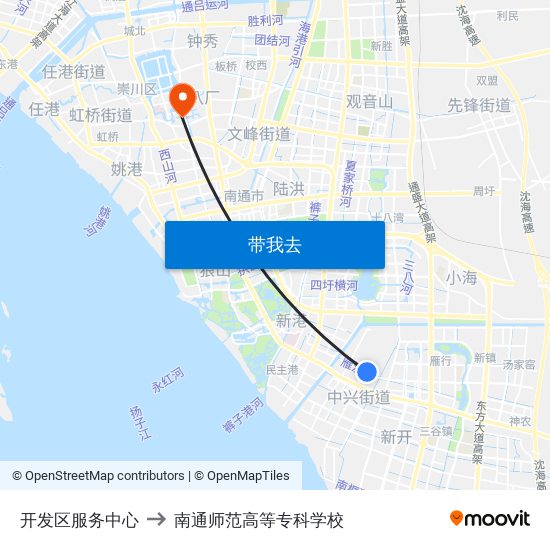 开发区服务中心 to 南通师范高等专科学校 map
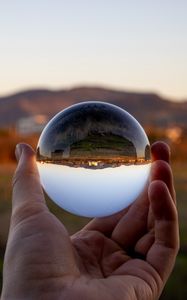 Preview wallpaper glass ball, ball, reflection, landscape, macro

...

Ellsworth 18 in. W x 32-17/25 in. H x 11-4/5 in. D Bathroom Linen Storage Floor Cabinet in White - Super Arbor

* * *

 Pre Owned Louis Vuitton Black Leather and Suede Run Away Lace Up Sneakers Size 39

▶ _WHAT TO WORK ON_: The response must repeat exactly the lines above from the one with "开发区服务中心 to 南通师范高等专科学校 map" through the one with "Preview wallpaper glass", including both, and must contain no pictures and no other text.

▶ _RESULT BELOW_:
 开发区服务中心 to 南通师范高等专科学校 map
 Preview wallpaper glass ball, ball, reflection, landscape, macro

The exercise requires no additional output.